• **Problem description**: Skip every picture, and copy exactly the lines from the one containing "Carpodacus sibiricus" to the end of the data.

• **Dataset content**:
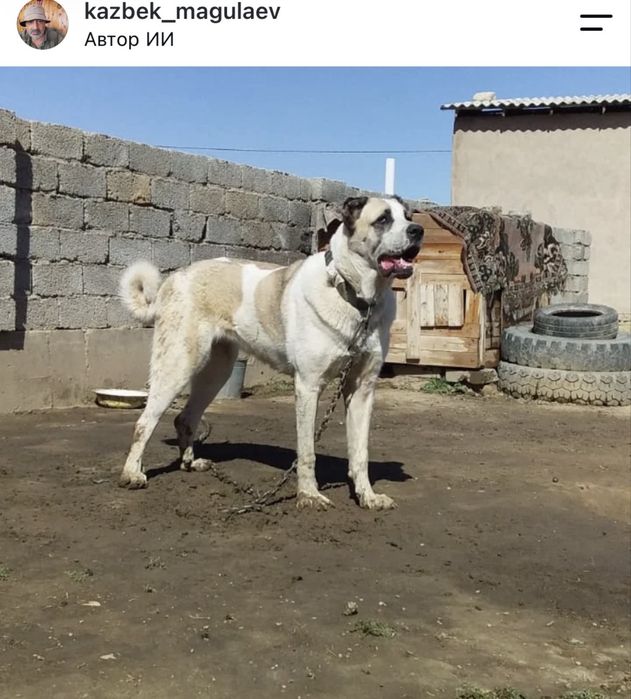 Алабай ит сатылады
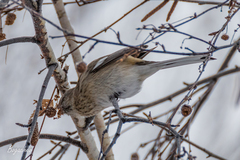 Carpodacus sibiricus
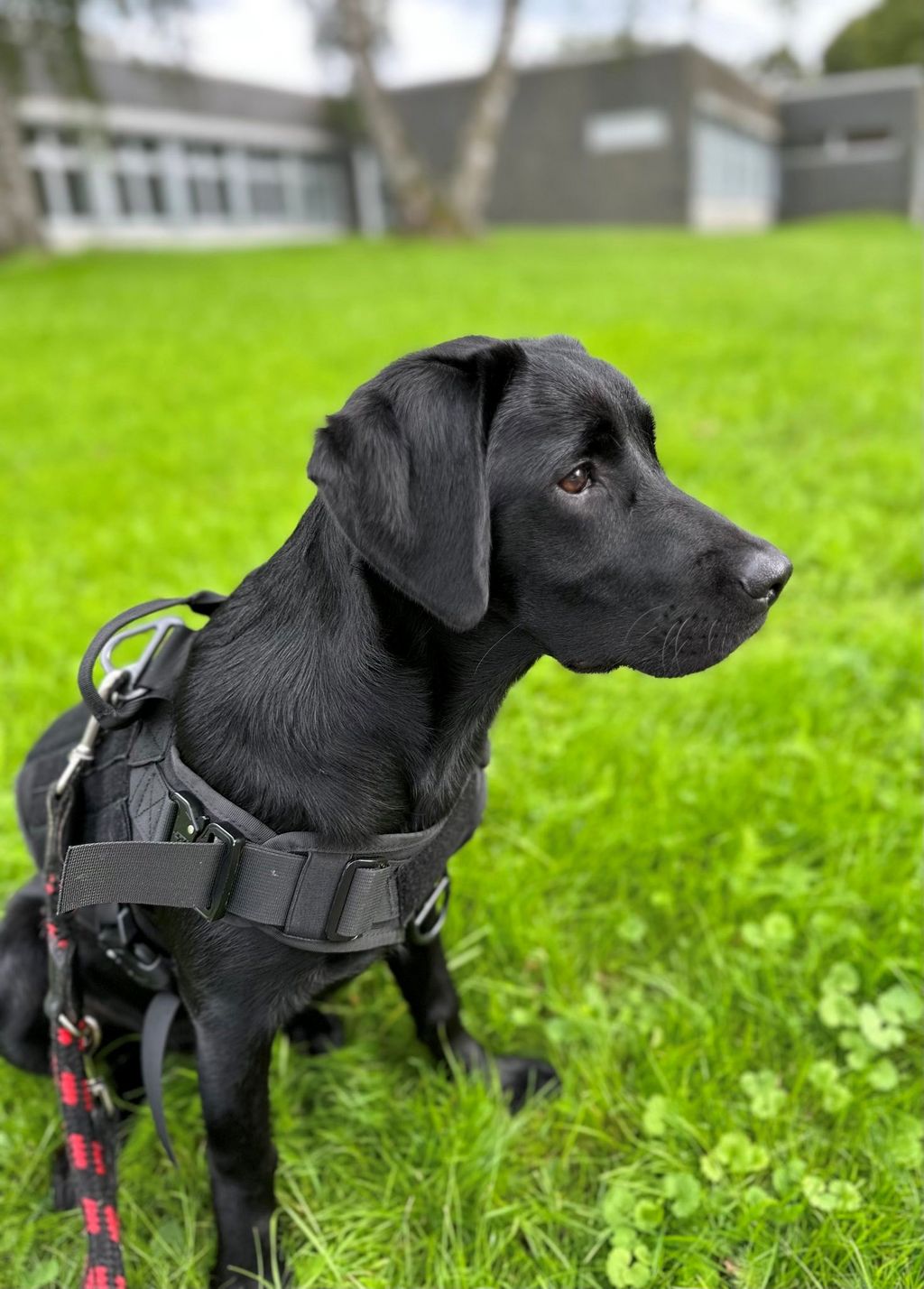 Hund Lilly - T. Tennert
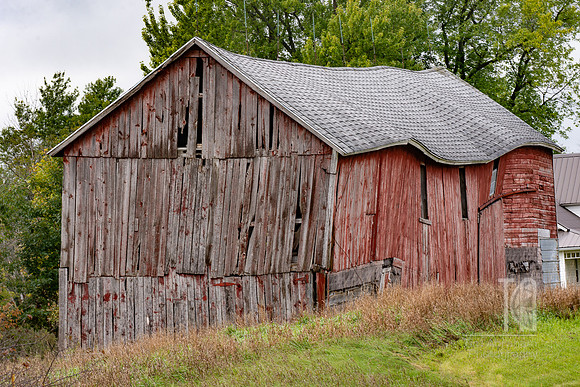 DSC_6105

• **Solution for this problem**:
 Carpodacus sibiricus
 Hund Lilly - T. Tennert
 DSC_6105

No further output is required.